• **Data provided**
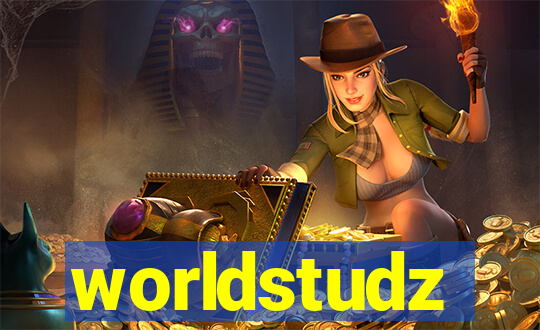 worldstudz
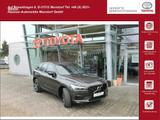 Volvo XC60 B4 D Geartronic RDesign +PDCV/H+ACC+DAB+LED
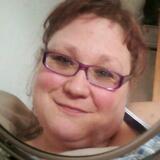Delores from Dublin | Woman | 39 years old | Cancer
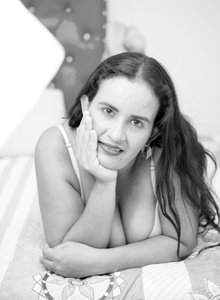 amazingmilf My Photos photo 5055036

• **Exercise details**
Quote the data above in full and without alteration; skip the pictures.

• **Completed task**
 worldstudz
 Volvo XC60 B4 D Geartronic RDesign +PDCV/H+ACC+DAB+LED
Delores from Dublin | Woman | 39 years old | Cancer
 amazingmilf My Photos photo 5055036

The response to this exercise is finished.